Et l’on perçoit un extraordinaire silence, pas entendu depuis longtemps.
Appelée par un désir impérieux, la femme entre, plus nue qu’une chair d’hôpital, tantôt vampire, tantôt vampirisable.
Pour appâter le paradisiaque corps féminin dont le rêveur insatisfait ne se lasse pas de rêver, il agit comme le sorcier africain, qui par sifflements et chuintements saccadés contrefaisant le glou-glou liquide des gouttes tombantes, va obliger la pluie séduite à ne plus résister et à couler sur les terres qui l’attendent, assoiffées.
Afin de mieux attirer la femme désirée, il utilise pour elle par-dessus le panneau peint et un premier rembourrage en relief, des matières homologues comme grains de maïs ou de café, soumises aux mêmes lois d’épanouissement de mûrissement et si l’on peut dire de cueillette… le sang, l’arrachement, et le viol n’était pas loin, ce semble.
Quant au spectateur, il ne sait plus, rejoint de partout, avec quel sens, quelles pensées, il subit la vue de ces éléments parlants et dévoyés. Quel nu apparut jamais plus nu, plus inoubliablement nu que ce ventre en coquille d’œuf inégalement écrasée, à la membrane coquillière satinée, presque une muqueuse ? Modelé qui provoque en celui qui le contemple un extraordinaire appel à modeler.
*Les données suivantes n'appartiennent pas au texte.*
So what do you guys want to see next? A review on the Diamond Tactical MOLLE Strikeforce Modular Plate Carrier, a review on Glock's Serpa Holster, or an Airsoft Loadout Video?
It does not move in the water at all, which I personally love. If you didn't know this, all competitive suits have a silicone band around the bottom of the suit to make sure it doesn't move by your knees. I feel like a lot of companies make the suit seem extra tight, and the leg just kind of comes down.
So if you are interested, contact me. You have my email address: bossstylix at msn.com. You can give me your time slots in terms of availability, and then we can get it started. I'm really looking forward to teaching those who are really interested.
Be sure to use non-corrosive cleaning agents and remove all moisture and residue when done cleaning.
Matières tentatrices, pervertissantes, choisies dans la nature, en ayant gardé les pouvoirs, ayant donc tout ce qu’il faut, bien maniées, pour devenir contre nature. Ambivalence sans fin. Des duvets disent une extrême, une infinie douceur autour de ce qu’on appellerait des aires de malfaisance.
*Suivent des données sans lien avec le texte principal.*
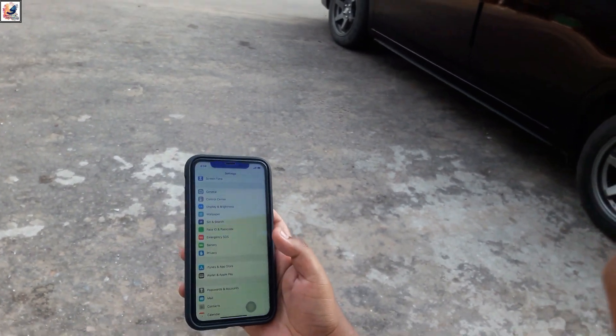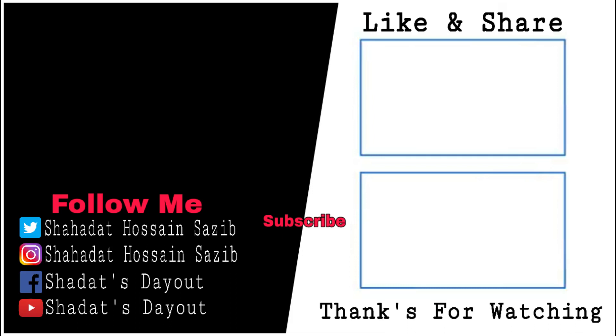I hope you like this video. If you like this video, please like, share, and subscribe. See you next time. Allah Hafiz.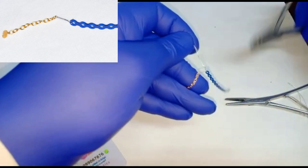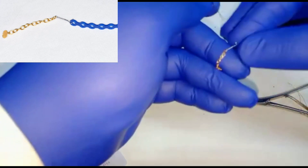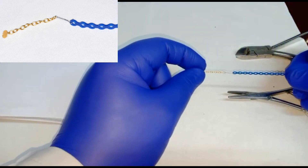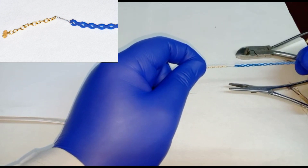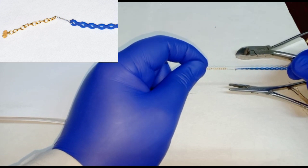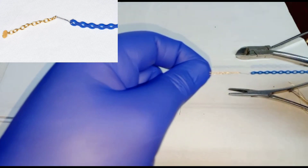We can cut the excess and put a little bit of flowable composite. Now the three are tied together — the power chain and the tie with the ligature wire, tied again with the first ring of the gold chain.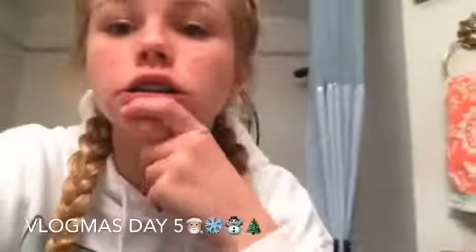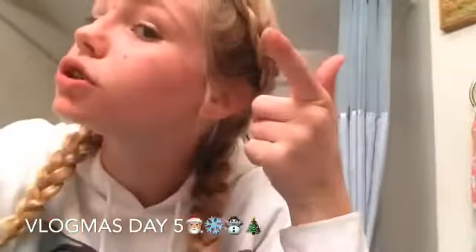Hey guys, what's up? Happy Vlogmas day! It's starting to get more festive, isn't it? If you're new here, my name is Jordan Rafael and you should subscribe. So yeah, let's just get into the vlog.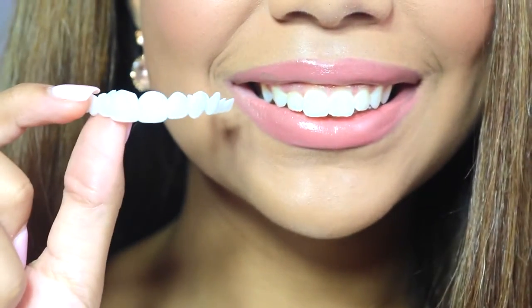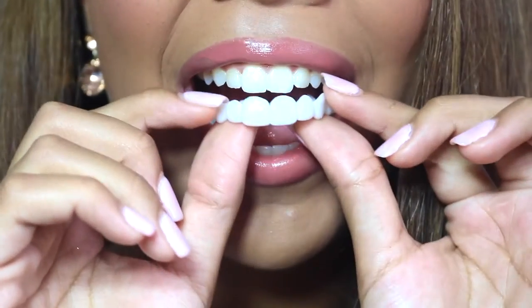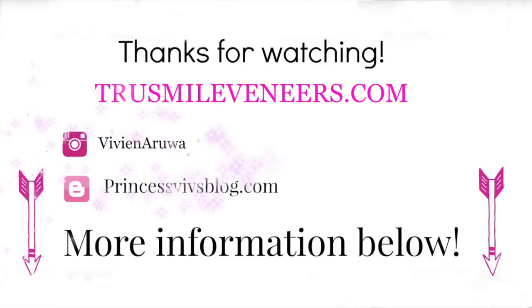Thank you guys so much for watching this video. If you have any questions make sure you check the description box below — I will have the full blog post there with all the details. All the information about TrueSmile Veneers will be linked below as well. Thank you guys so much for watching.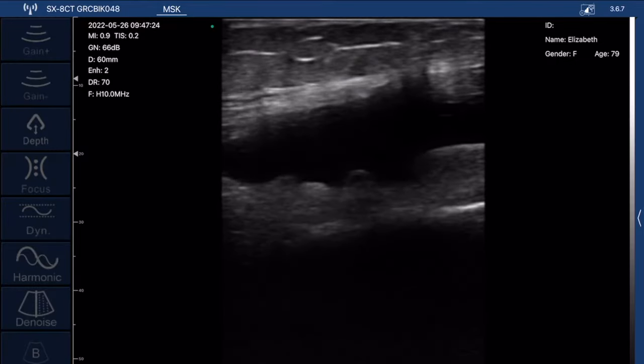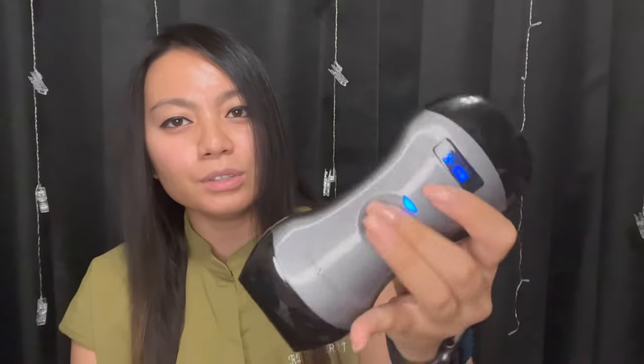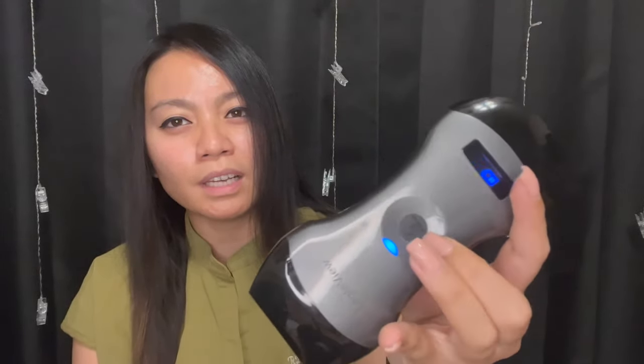If you're interested in this probe, all you have to do is push this button and it turns on. Right there it tells you the battery life and whether it's connected. You just hold the button down to switch probes — if I want the linear, I hold it down and it switches. It's just that simple.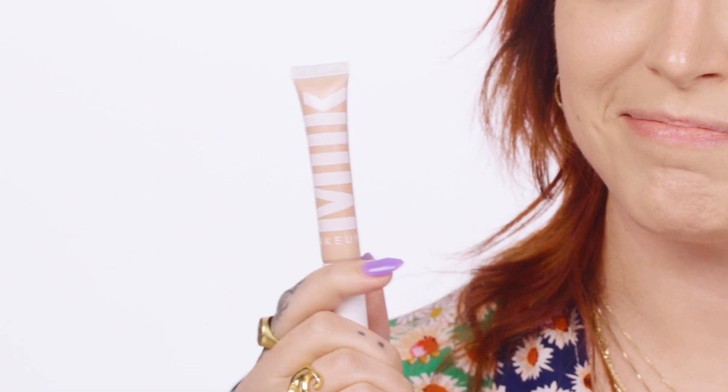Meet the Flex Band. It was such a hit that we added two new members to join the crew: Flex Foundation Stick and Flex Highlighter.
La jouissance esthétique pareillement troublée trouvera souvent un crapaud sur sa table. Mais tout ici est nécessité, fait par nécessité.
Un poids, une pression insolite avertit de ne pas comparer avec les œuvres des autres.
Habitant un hameau à quarante lieues de Paris, loin de tout, apparemment sans distractions dans une pièce quelconque au milieu de formes gonflées d’érotisme, émanées de lui et revenant sur lui, enfermé dans leur barrage comme à l’intérieur d’un carré magique, P.B. depuis deux ou trois ans vivait avec elles, ne les montrant que de loin en loin à quelqu’homme de passage, au hasard, lequel se sentait indiscret et repartait drôlement frappé… quand enfin il s’est laissé décider à une séparation.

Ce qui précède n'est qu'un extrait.